The Dos and Don’ts of Modern Search Algorithms
| By: Winn Hardin, Contributing Editor
Look up machine vision definitions and you will read about cameras collecting an image and computers running specialized software to analyze the image, helping machines make an automated decision based on that image.
After the flash of the strobe and collecting photons to create an image, the first step down the yellow brick road to automated decision-making is for software to find something in the image. And to find, one must search (or get lucky, and luck has a low repeatability score).
Search algorithms have come a long way since the 1980s. Computationally intensive correlation functions have in large part given way to scale-pyramid and geometric-pattern search methods for many search functions – but not in every case. Sometimes, old school is still the best school when it comes to image processing search techniques.
2 Dos, 1 Don’t
According to Ben Dawson, Director of Strategic Development at Teledyne DALSA (Waterloo, Ontario, Canada), search is usually called upon to perform one of three functions – but only two of them are a good idea.
“Presence-absence is the first function,” Dawson says. “It’s the algorithmic equivalent of a photocell. You don’t care what it is, or where it is exactly, just if something is present. The classic example is counting items moving on a conveyor.”
The next application for search is locate. “A simple method is to use projections. You sum up rows or columns and look for sums that indicate where something is,” Dawson says. “This simple method is easily confused by background items, so modern search uses sophisticated algorithms, such as matching object outlines. Most modern search methods can also identify a limited range of objects. For more difficult identifications, you might use blob analysis, look at object curvature, color, and other features.”
Interestingly, the human brain has two different pathways for handling object location and identification. For example, if something’s coming at your head, you don’t care what it is, only that you need to duck. In those cases, a fast, subcortical pathway gets you out of the way. A second, slower cortical system identifies objects.
Pushing search algorithms to their breaking point happens when designers try to use search to do part inspections — not just if the part is there or whether it’s a nut or bolt, but if it’s the right bolt.

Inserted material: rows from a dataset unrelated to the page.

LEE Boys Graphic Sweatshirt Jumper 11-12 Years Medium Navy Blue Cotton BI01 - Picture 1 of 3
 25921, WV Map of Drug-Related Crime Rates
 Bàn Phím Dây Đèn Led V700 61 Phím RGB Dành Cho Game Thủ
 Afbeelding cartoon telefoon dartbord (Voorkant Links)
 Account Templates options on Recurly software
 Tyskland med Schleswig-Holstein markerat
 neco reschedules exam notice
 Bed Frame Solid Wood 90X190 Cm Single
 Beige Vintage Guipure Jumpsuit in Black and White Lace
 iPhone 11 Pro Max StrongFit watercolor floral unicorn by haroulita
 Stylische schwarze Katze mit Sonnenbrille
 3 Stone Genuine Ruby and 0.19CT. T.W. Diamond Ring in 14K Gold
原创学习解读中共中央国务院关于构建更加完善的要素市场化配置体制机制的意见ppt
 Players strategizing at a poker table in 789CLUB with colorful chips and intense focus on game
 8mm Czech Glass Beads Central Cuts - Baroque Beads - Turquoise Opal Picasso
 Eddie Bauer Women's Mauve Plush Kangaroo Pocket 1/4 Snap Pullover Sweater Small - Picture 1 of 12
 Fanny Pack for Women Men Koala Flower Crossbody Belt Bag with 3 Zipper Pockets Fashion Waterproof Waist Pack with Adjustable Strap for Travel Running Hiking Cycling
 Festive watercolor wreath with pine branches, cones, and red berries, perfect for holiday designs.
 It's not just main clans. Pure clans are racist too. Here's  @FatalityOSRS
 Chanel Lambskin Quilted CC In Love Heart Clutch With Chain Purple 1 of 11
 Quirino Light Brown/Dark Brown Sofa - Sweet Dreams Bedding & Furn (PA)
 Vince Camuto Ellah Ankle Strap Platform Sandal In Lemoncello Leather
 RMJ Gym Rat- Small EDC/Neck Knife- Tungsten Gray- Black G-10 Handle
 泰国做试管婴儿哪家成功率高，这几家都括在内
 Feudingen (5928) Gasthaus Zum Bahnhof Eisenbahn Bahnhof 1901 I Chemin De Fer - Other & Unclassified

This isn’t recommended because search algorithms try to ignore minor variations on a product to make search more robust.
Will It Correlate?
Search algorithms must overcome several challenges when locating a learned object in an image, such as perceptual changes to the image caused by changes in lighting. But they also must account for differences in scale, rotation, and orientation between the learned part and the part under test caused by changing spatial relationships between object and camera. These criteria – along with application-specific conditions such as image resolution, defect size, line speed, and so on – are the designer’s primary considerations when choosing a search technique.
“The traditional search technique is a variety of correlation, such as greyscale or normalized correlation,” explains Arnaud Lina, Software Engineering Group Manager for Matrox Electronic Systems Ltd. (Dorval, Quebec, Canada).
Correlation techniques can be easily parallelized “depending on how many degrees of freedom you’re looking for and if you have multiple objects, both of which challenge correlation techniques,” Lina says. “One of the main advantages of correlation techniques is that they are robust to large-scale, uniform changes in illumination.”
Correlation is also robust to parts of the image dropping out of focus. Geometric searches depend on edge detection, which sometimes can be adversely effected by lack of focus. In applications such as high-resolution printed circuit board (PCB) inspection, the height of a surface-mounted component may extend beyond the depth of field and therefore become blurry.
“While MVTec Halcon’s edge-based, geometric-search routines can deal with a large amount of blur robustly and, therefore, can be used in virtually all search applications, in rare cases correlation techniques are preferable for finding shapes in these types of applications,” says Carsten Steger, Research & Development Director at MVTec Software GmbH (Munich, Germany).
The problem with correlation techniques, according to Teledyne DALSA’s Dawson, is that they can be slow and not very robust. “It doesn’t have much rotational [+/-5 degrees] or scale tolerance,” he says. “Normalized correlation has pretty good tolerance, to changes from overall light and contrast. Teledyne DALSA provides both correlation and geometric search methods.”
Software engineers have developed numerous techniques for speeding up correlation techniques, from numeric shortcuts to liberal use of thresholds to quickly discard failed-match convolutions. Today’s cheaper microprocessors reduce the dollar-per-calculation price, but they cannot completely eliminate the additional time required.
Pyramids and Other Geometrics
The 1980s brought the next big breakthrough in search techniques, usually referred to as the scale-space or pyramid technique. This technique starts with full-resolution images of a golden part and the part under test at the bottom of the pyramid. Then each image is smoothed and its resolution is cut in half (sub-sampled). Repeating this process gives a “pyramid” of images going from full resolution up through smaller, lower-resolution images.
By searching for the target feature or object starting with the low-resolution image at the top of the pyramid and progressing downward to higher resolutions, system designers can quickly use correlation and geometric search to find their targets. According to MVTec’s Steger, the vast majority of search applications use the geometric search.
Geometric search techniques can define the object in multiple ways: the distance from the centroid to the edge; the curvature of the outer edge; and other factors. These methods are robust against non-uniform lighting changes as well as scale and rotation.
Combining geometric and correlation techniques with scale-space processing speeds search functions, which is one of the top priorities for image processing software developers. While software designers continue to find ways to accelerate 2D search techniques, one of the hottest new areas involves 3D search.
“We often use our registration search module for 3D searches,” says Matrox’s Lina. “Our 2D registration module can be used for stitching together images or for locating features inside an image. When it comes to 3D registration, we typically project the 3D map into a 2D space and get rough 3D location of the object before refining the 3D position. This speeds the overall search process for many applications.”
MVTec released its first 3D search algorithm using monocular 2D images from a calibrated camera in 2007. More recently, MVTec has introduced matching techniques for deformable objects, such as foil packages or agricultural products like bananas, based on 2D images and on point clouds.
“Since changes in perspective in a 2D image can be regarded as a special kind of deformation, this has also allowed us to introduce efficient perspective matching techniques for planar objects,” Steger says.
MVTec’s latest Halcon release (v13) makes the 3D search process more robust by using both 2D images and 3D point clouds when available. Furthermore, Halcon’s 2D shape-based matching has been speeded up substantially.
Today, both hardware and software companies are pulling out all the stops to make 3D imaging more accessible, from dedicated 3D sensors to wizards that help programmers decide how many scale levels their image can support, or the best features to use for geometric searches based on unprocessed images. These efforts are already yielding fruit, opening up new horizons (and needs) for search algorithm optimization.